Quando a inspiração atrasa
Por Denise Veras Em: 16/11/2025, às 14H08
“Quando chove fica mais triste a espera por alguém que não vai chegar”, eis um trecho da canção “Quando chove”, de Patrícia Marx. Sempre penso nessa música quando estou precisando escrever e a inspiração não vem. Me apronto, ligo o computador, preparo um café e nada dessa diva caprichosa aparecer.
De tanto esperar desenvolvi técnicas, e hoje aprendi a escrever sem ela. Quando ela aparece é sempre uma alegria, mas não dá para depender da boa vontade de alguém que você nunca sabe se irá aparecer.
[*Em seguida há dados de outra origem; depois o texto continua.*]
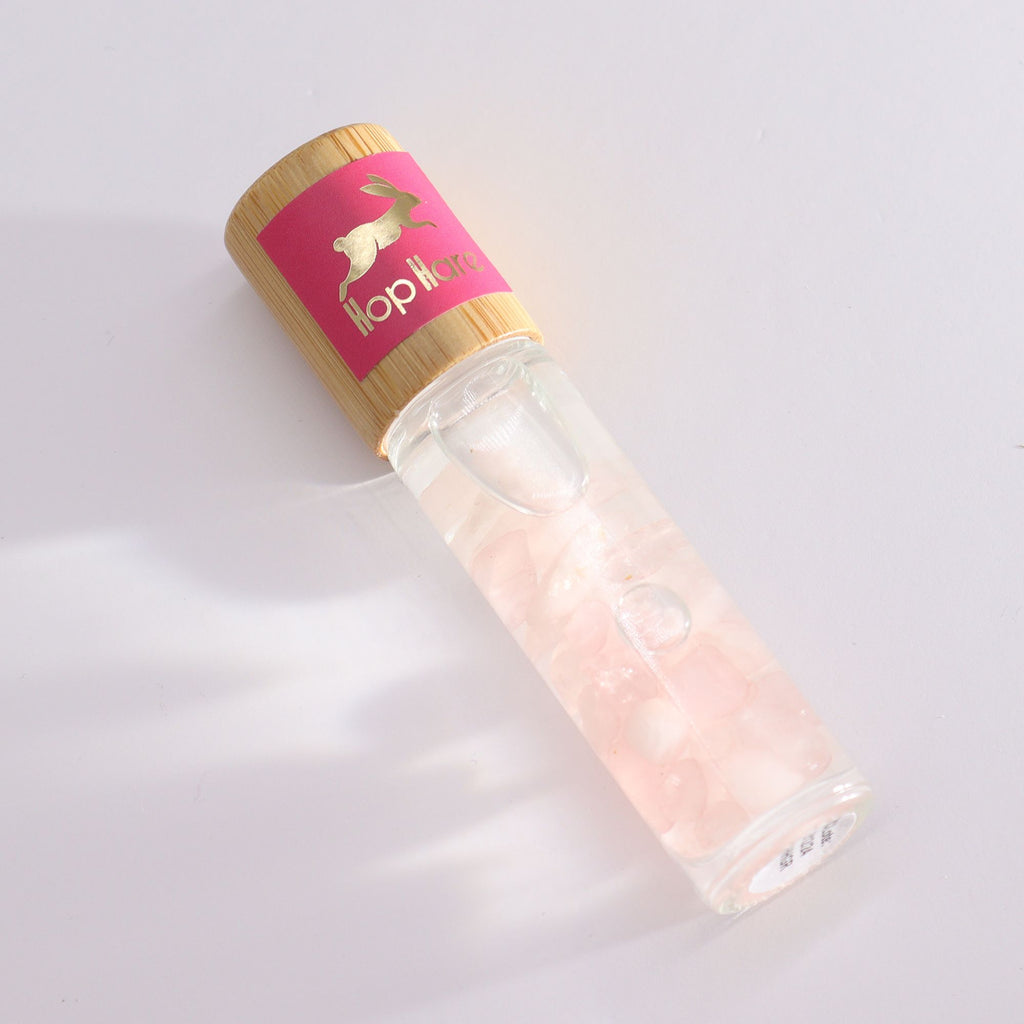 Roll-on aux huiles essentielles avec bille applicatrice et pierre naturelle de quartz rose.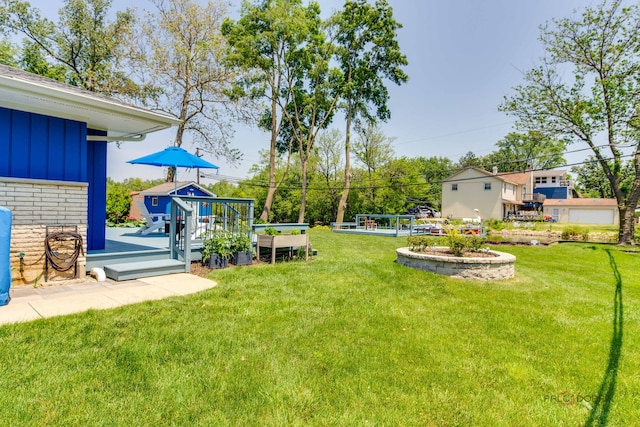 908 Jackson Ave, Wauconda, IL 60084 - view of green lawn featuring a wooden deck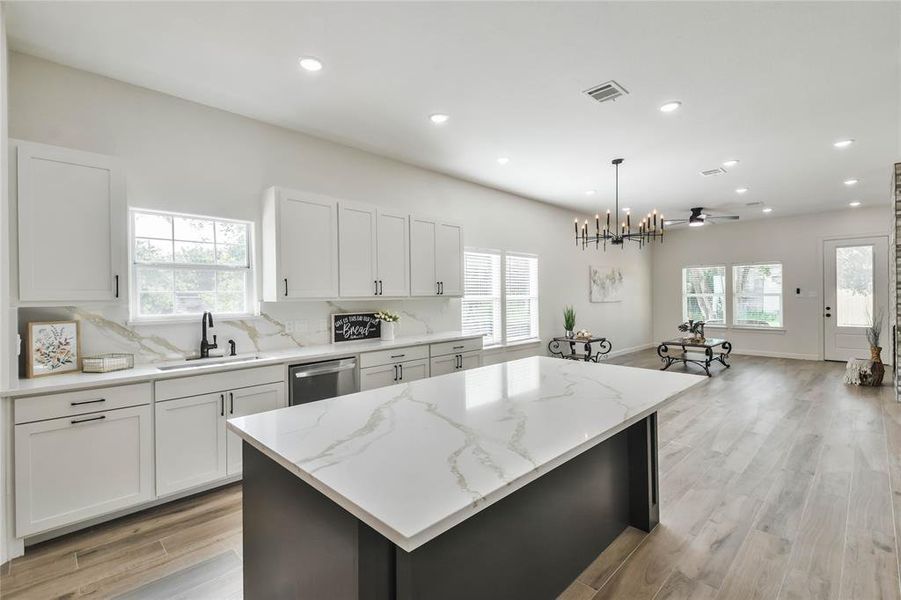 Kitchen island adds a pop of color to this amazing kitchen.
Aprendi a escrever sem ela.
A escrita é sacerdócio laico, desses que exigem compromisso, horário, disciplina e uma certa teimosia produtiva. É preciso cumprir com agendas que muitas vezes nós nos impomos. Isso é ruim? Não necessariamente. O romantismo que envolve a atividade da escrita nutre o imaginário de que ela acontece sem dores nem sacrifícios, e isso não é verdade. Escrever exige dedicação e empenho, mesmo quando não sabemos o que dizer, ou quando estamos travados. Em todas essas situações é necessário continuar.
Além do mito do escritor arrebatado por relâmpagos criativos, me incomoda o do escritor boêmio e vida louca, esse ser folclórico que acredita que precisa viver tudo o que escreve para que o texto “pulse melhor. Isso também não corresponde à realidade, o que faz a escrita pulsar não é o inventário de experiências vividas, e sim a força de quem narra. A literatura nasce da criatura que conta e do criador que sustenta a história. Escrever dói, cansa, pesa e a carga de emoção imposta ao escriba é o que faz a sua literatura ser viva.
Fazer literatura exige vontade e persistência. É preciso sentar e seguir adiante. Mas como nem tudo são dores, a parte boa é o movimento. Quem empunha uma caneta não permanece no mesmo lugar. No fim das contas, escrever é caminhar. Às vezes com tropeços, outras com passadas largas e até carreiras, mas o mais importante é nunca ficar parado.